I'm in a pretty simple "CS Math" course for year 1 Comp Sci, and I came across this: Disprove, $x^2 + y^2 = z^2$, such that $x, y, z$ are primes I thought of this as, if n is a prime, then prime factorization of n must be: $n = z*1$ $n^2 = (z*1)(z*1) = (z)(z)$
So I tried to derive a contradiction:
Assume $x, y, z$ are primes such that $x^2 + y^2 = z^2$ Then: $x^2 = z^2 - y^2$
Then: $x^2 = (z-y)(z+y)$ #Contradiction, prime factorization of $x^2$ must be uniquely represented.

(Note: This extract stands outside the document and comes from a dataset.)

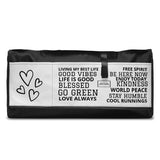 Heal-Thy-Vibe - Positve Message Duffle bag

But then I noticed that this statement is true if $z-y = 1$ and $z+y = x^2$, So:
Then: $y = -1+z = y = z-1$
Because: $x^2 + y^2 = z^2 $
Then: $(z-1)(z-1) + z+y = z^2$
Then: $z^2 - 2z + 1 + z + y = z^2$
Then: $z^2 - z + y + 1 = z^2$ # subtract $z^2$ from both sides
Then: $-z + y + 1 = 0$
Then: $y = -1 + z$
I remember reducing this to $x + y = z$, which I think is false?
EDIT: Thought of this:
z - y = 1
Then: z = y + 1
Then z must be 3, y must be 2
Because: z is greater than y by 1, since z is a prime and y is a prime, z and y must be 3 and 2 respectively since no other prime number is 1 apart because one of them would be even if greater than 2, and any even number has at least 3 divisors (2, the even number, and 1) thus not a prime.

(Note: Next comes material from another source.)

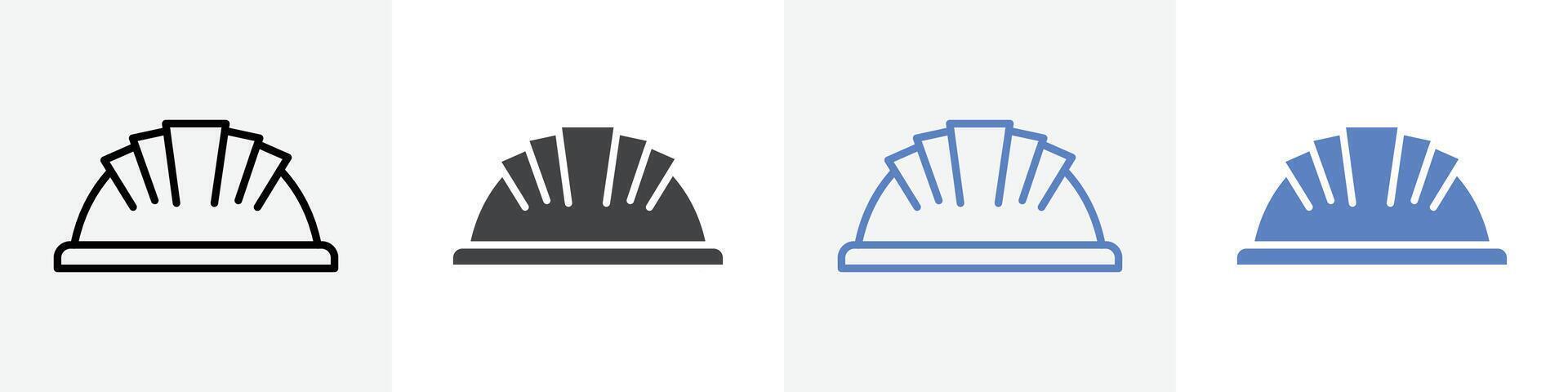 construction helmet icon set use for web ui or app vector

Then: $x^2 + 2^2 = 3^2$ ,Because $2^2 = 4, 3^2 = 9$
Then: $x^2 = 9 - 4$
Then: $x = \sqrt5$
Contradiction: x is a prime, but sqrt(5) is not a prime!
Is this a solid evidence proof in that can I say that only prime numbers 1 apart are 2 and 3? I'm pretty sure there is a more simpler and intuitive way to prove this, are there any other ways to prove this via contradiction?